IV. The respondent insists upon the correctness of the judgment allowing him the penalties and attorney fees for the vexatious delay. While, ordinarily, it is a question for the jury to determine whether a defendant was guilty of vexatious delay, under the statute (Sec. 6337, R.S. Vexatious 1919; Hicks v. Life Ins. Co., 196 Mo. App. l.c. 178; Delay. Keller v. Home Life Ins. Co., 198 Mo. l.c. 460), yet the defendant in such case is allowed to entertain an honest difference of opinion as to liability and to litigate the matter in an attempt to establish his conclusion. [Non-Royalty Shoe Co. v. Assur. Co., 277 Mo. 422; Berryman v. Southern Surety Co., 285 Mo. l.c. 397.]
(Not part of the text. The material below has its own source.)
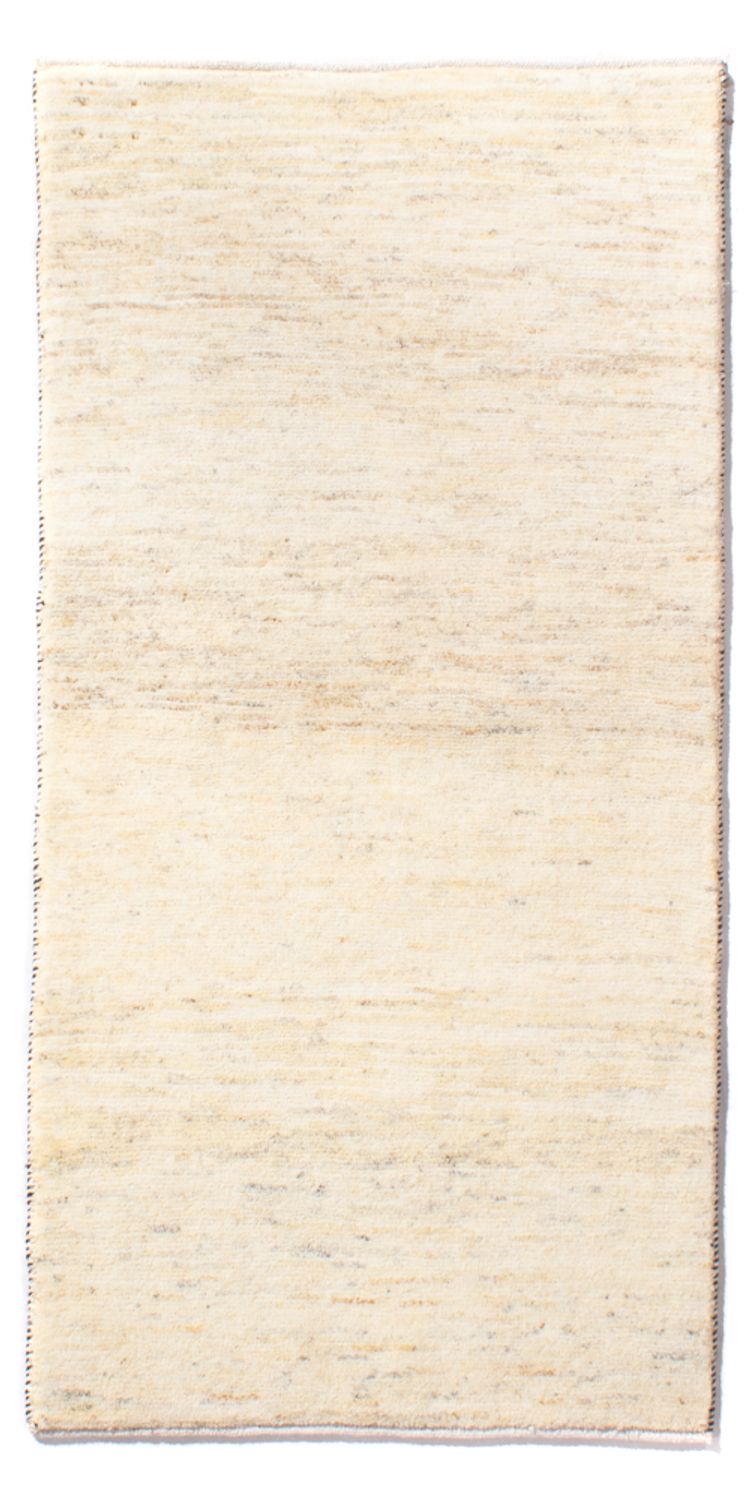 Gabbeh persa Tapete 142x70cm - Perserteppich Wollteppich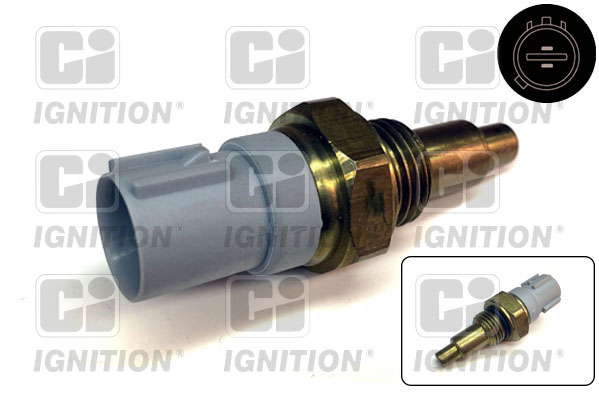 Thermocontact pour ventilateur de radiateur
In this case the matter relied upon by appellant was not a question of fact, but a question of law. The facts, so far as they show dilatory tactics, in delaying the trial or in prosecuting appellant's appeal to this court, do not appear unusual. The essential fact upon which the respondent relies is the refusal to pay after the amount of the loss was correctly ascertained. That refusal was based on appellant's construction of the law. While we think appellants' position was wholly unfounded and that a reasonable consideration of the statute under the authorities ought to have convinced them that the statute afforded no defense to the action, still we are unable to say that their position was not taken in good faith, in an honest belief that there was a fair chance to procure a construction in accordance with their views. These cases were tried and appealed before the Nolen case and the Bassen case were decided. The appellant had not an authoritative construction on these statutes when the cases were appealed. So, we are not prepared to hold that the plaintiff is entitled to enforce the penalties for vexatious delay. Therefore, if the plaintiff, within ten days shall remit the amounts allowed as attorneys' fees and damages, as follows:
From first count in judgment against Phenix Fire Insurance Company, the sum of ........ $ 750.00
And in the second count against Phenix Company, the sum of ....................... 1500.00
And from the judgment against the Old Colony Insurance Company, the sum of 900.00
And from the judgment against the Security Insurance Company, on first count the sum of .................................... 150.00 And from the second count the sum of ......... 180.00 And from the third count the sum of .......... 750.00
the judgments will be affirmed. Otherwise the judgments will be reversed and the cause remanded. All concur.